▶ Work task:
Repeat the listing that follows, character for character, minus the pictures.

[[ Data, beginning ]]

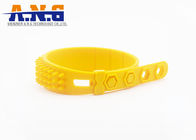 Adjustable Uhf Rfid Wristbands 860~960 Mhz With ISO18000 / SGS Certification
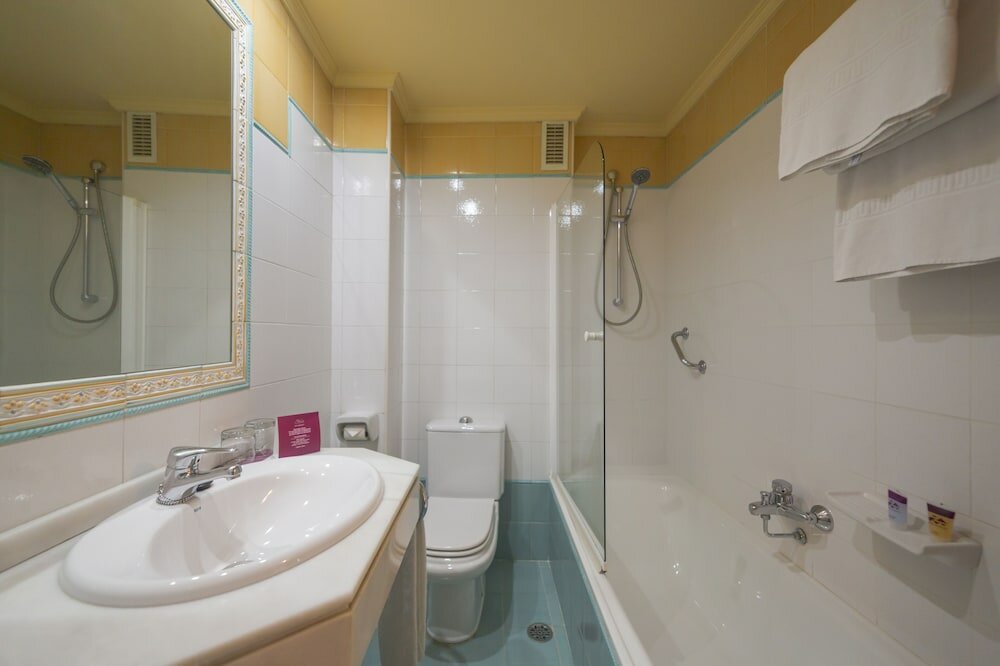 Фото Hotel Macià Condor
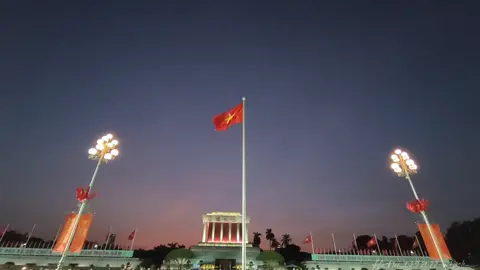 Trả lời @nam_lang_son Lá Cờ tung bay trong Ngày Độc lập 🇻🇳 E xin phép gửi a và mn video e quay Ngày Quốc khánh 02.9.2022 ạ. #Hanoi #vietnam #lăngbác 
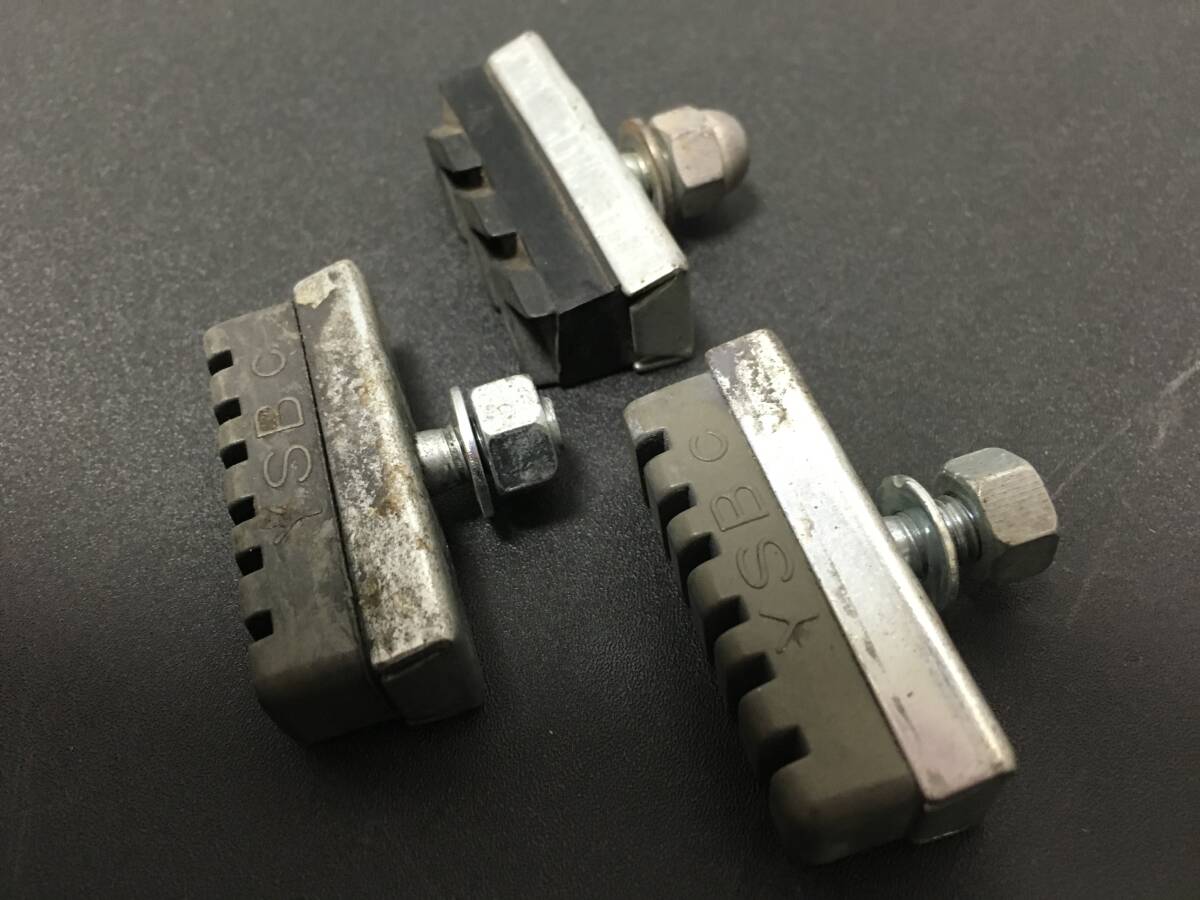 ♪YSB 吉川 ブレーキシュー11個セット 当時物 レトロ 未使用保管品/中古混ざり 自転車 サイクリング パーツ (NF251104) 218-1398_画像5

[[ Data, end ]]

▶ Exercise output:
 Adjustable Uhf Rfid Wristbands 860~960 Mhz With ISO18000 / SGS Certification
 Фото Hotel Macià Condor
 Trả lời @nam_lang_son Lá Cờ tung bay trong Ngày Độc lập 🇻🇳 E xin phép gửi a và mn video e quay Ngày Quốc khánh 02.9.2022 ạ. #Hanoi #vietnam #lăngbác 
 ♪YSB 吉川 ブレーキシュー11個セット 当時物 レトロ 未使用保管品/中古混ざり 自転車 サイクリング パーツ (NF251104) 218-1398_画像5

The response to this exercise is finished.